Word for word, reproduce the listing that follows, excluding any pictures it contains.

Recorded data:
────────────────────────────────────────
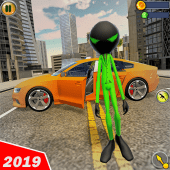 Green Stickman Gangster Crime Rope Hero Apk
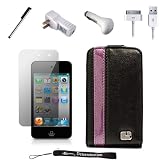 Black with Purple Stripe Deluxe Wallet Leather Protector with Stand Alone Design / Vertical and Landscape Mode Feature on Cover Case for New Apple iPod Touch 4 ( 4th Generation 8GB 16GB 32GB ) + Includes a USB Travel Car Charger, a USB Home Charger and a USB Data Sync Cable + Includes Anti Glare Screen Protector Guard and a Graphic Designer Stylus Pen to Navigate Device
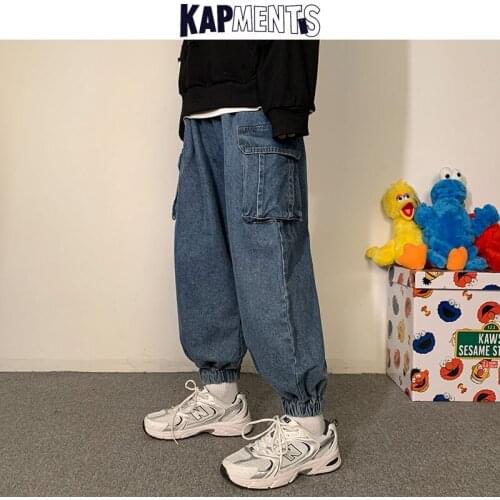 KAPMENTS Men Patchwork Pockets Denim Pants 2020 Cargo Jeans Mens Japanese Harajuku Joggers Vintage Trousers Man Loose Sweatpants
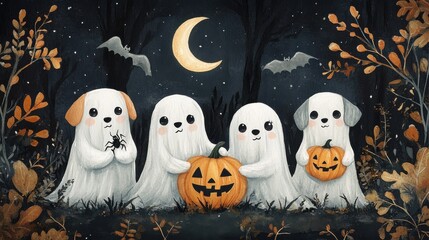 Obraz premium A Halloween-themed watercolor featuring four dogs in ghost costumes, one holding a pumpkin, with a dark background, crescent moon, bats, and spiders. Cute yet eerie.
────────────────────────────────────────
Exercise output:
 Green Stickman Gangster Crime Rope Hero Apk
 Black with Purple Stripe Deluxe Wallet Leather Protector with Stand Alone Design / Vertical and Landscape Mode Feature on Cover Case for New Apple iPod Touch 4 ( 4th Generation 8GB 16GB 32GB ) + Includes a USB Travel Car Charger, a USB Home Charger and a USB Data Sync Cable + Includes Anti Glare Screen Protector Guard and a Graphic Designer Stylus Pen to Navigate Device
 KAPMENTS Men Patchwork Pockets Denim Pants 2020 Cargo Jeans Mens Japanese Harajuku Joggers Vintage Trousers Man Loose Sweatpants
 Obraz premium A Halloween-themed watercolor featuring four dogs in ghost costumes, one holding a pumpkin, with a dark background, crescent moon, bats, and spiders. Cute yet eerie.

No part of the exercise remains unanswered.